Skip all pictures. Write out the data below from its first line through the line that contains "Terracotta vase in".

##############################

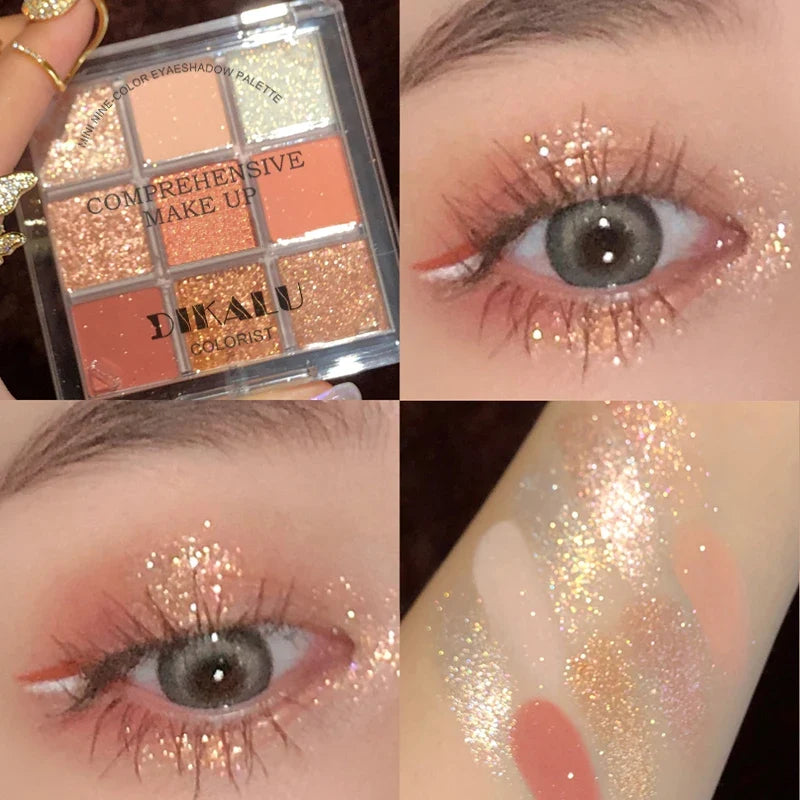 Blushimmer DIKALU spring and summer eyeshadow palette with rosy shades, nine-pan grid, low saturation smoke powders, and rose tones.
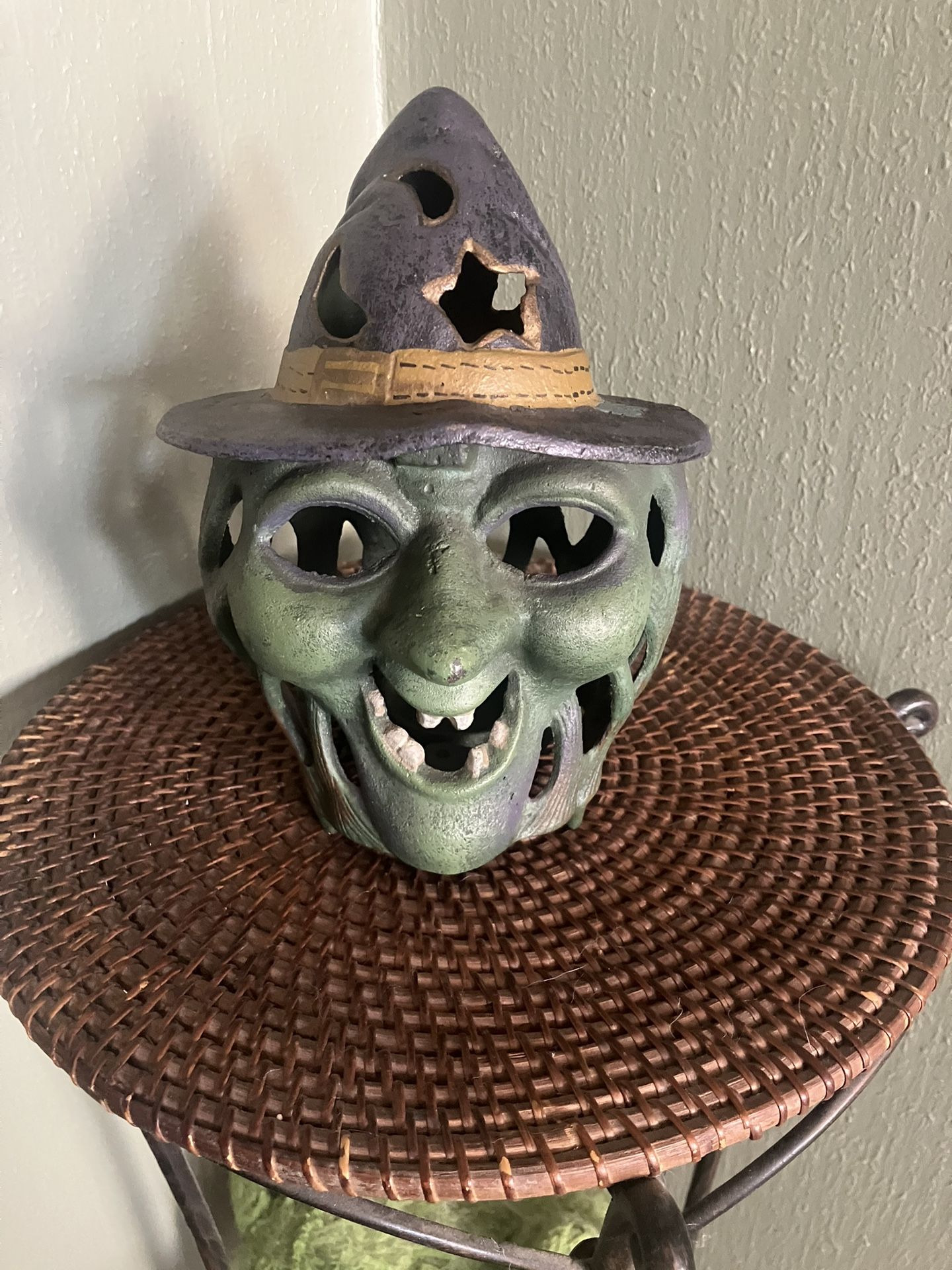 Vintage Cast Iron Witch Candle Holder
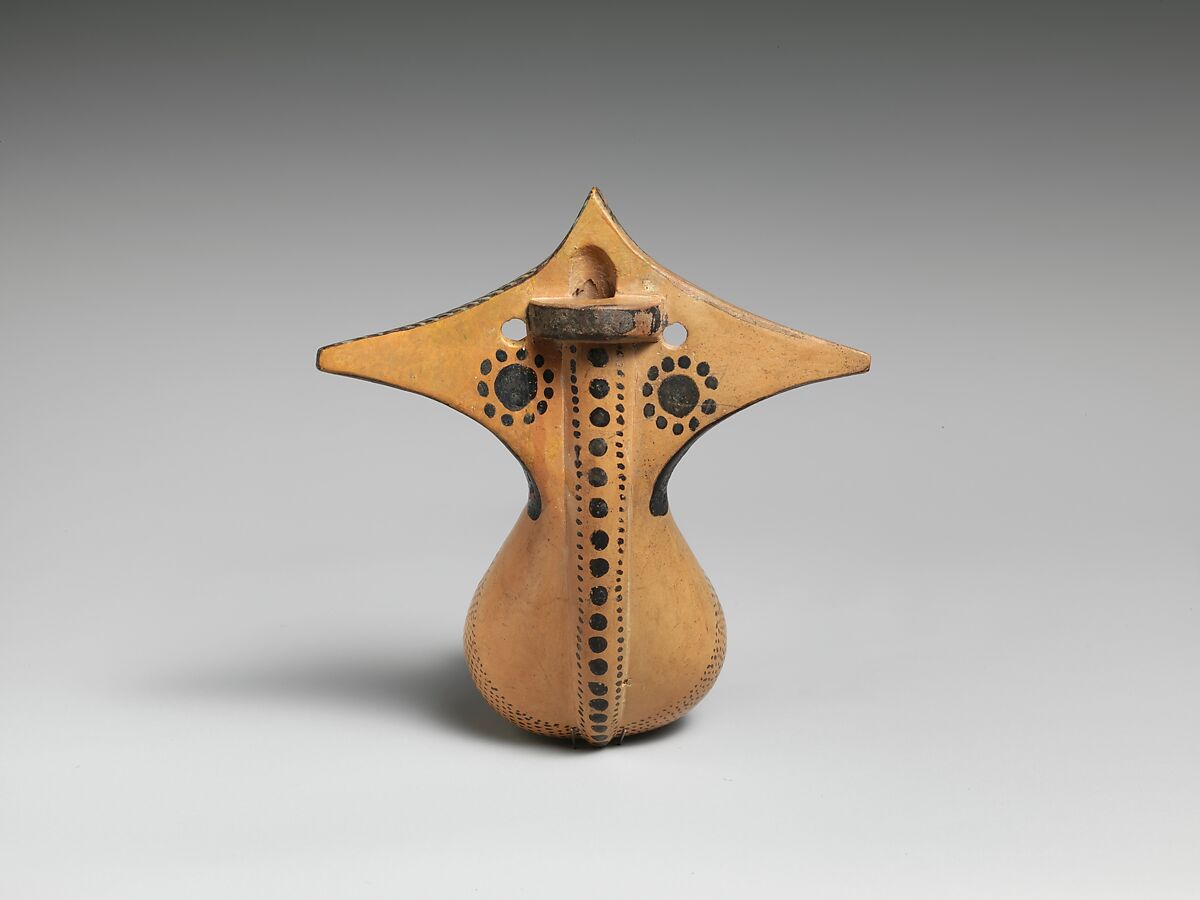 Terracotta vase in the form of a phallus, Terracotta, Greek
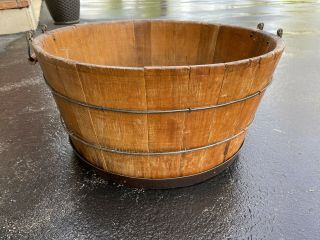 Rare Antique Primitve Wood Wash Tub Laundry Wooden Barrel 24x12 Farm Basket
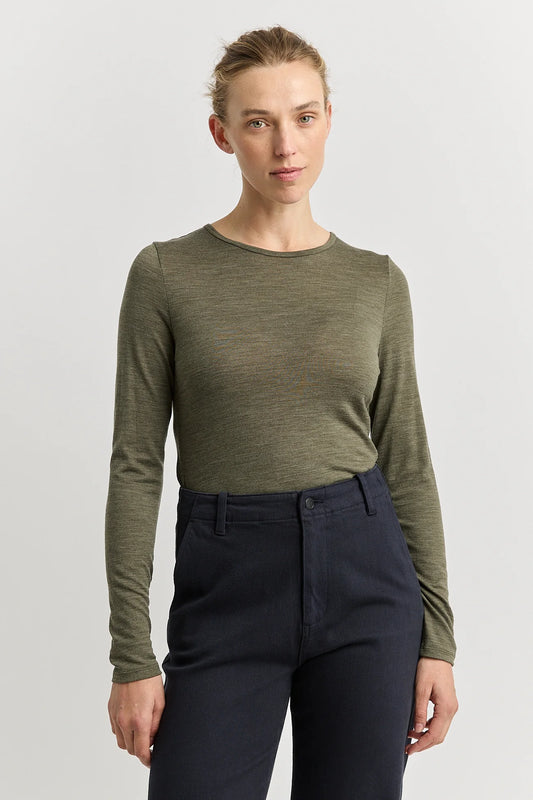 Crew merino top - Kale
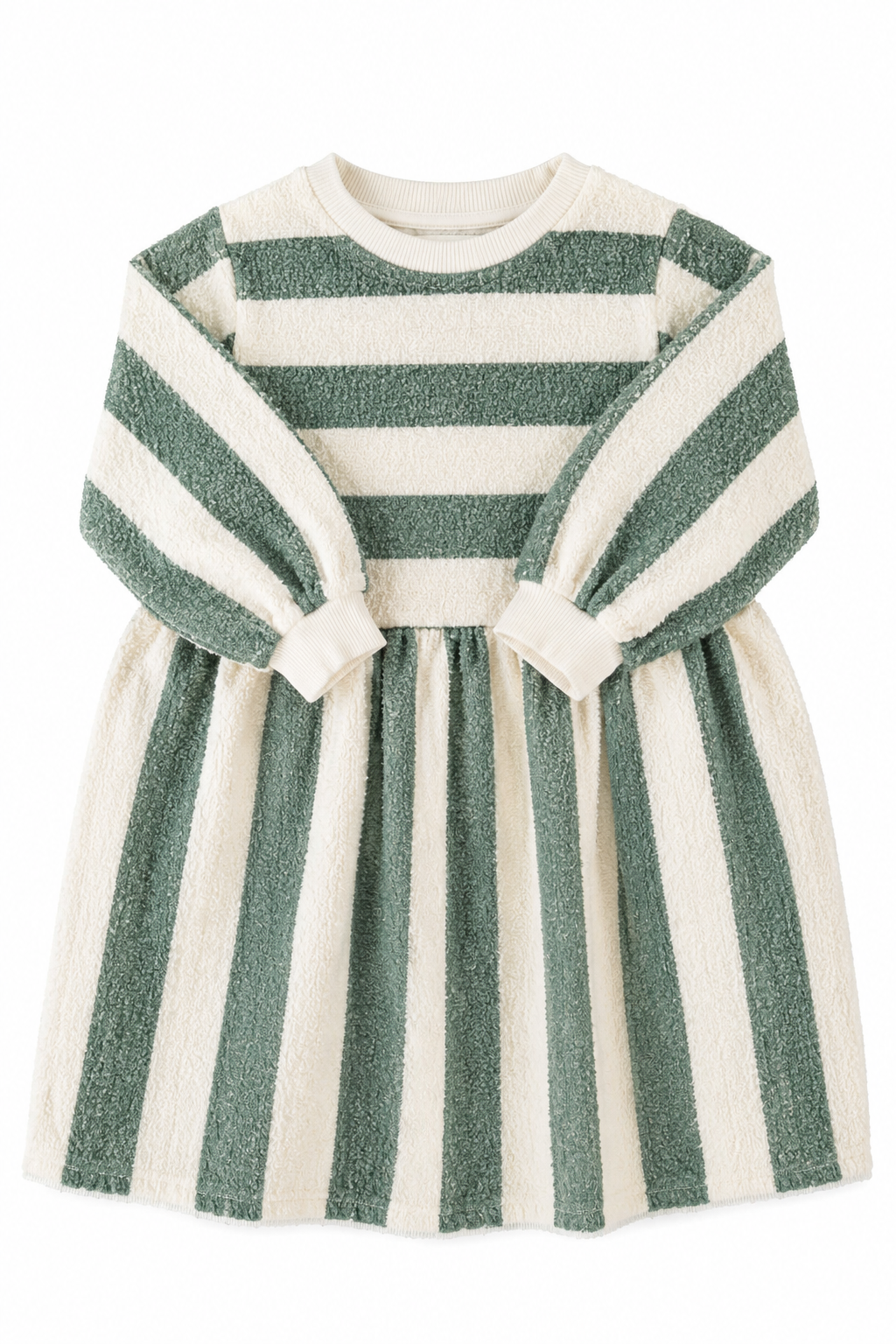 Piupiuchick Short Dress | Ecru & Green W/ Stripes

##############################

### Result of this exercise
 Blushimmer DIKALU spring and summer eyeshadow palette with rosy shades, nine-pan grid, low saturation smoke powders, and rose tones.
 Vintage Cast Iron Witch Candle Holder
 Terracotta vase in the form of a phallus, Terracotta, Greek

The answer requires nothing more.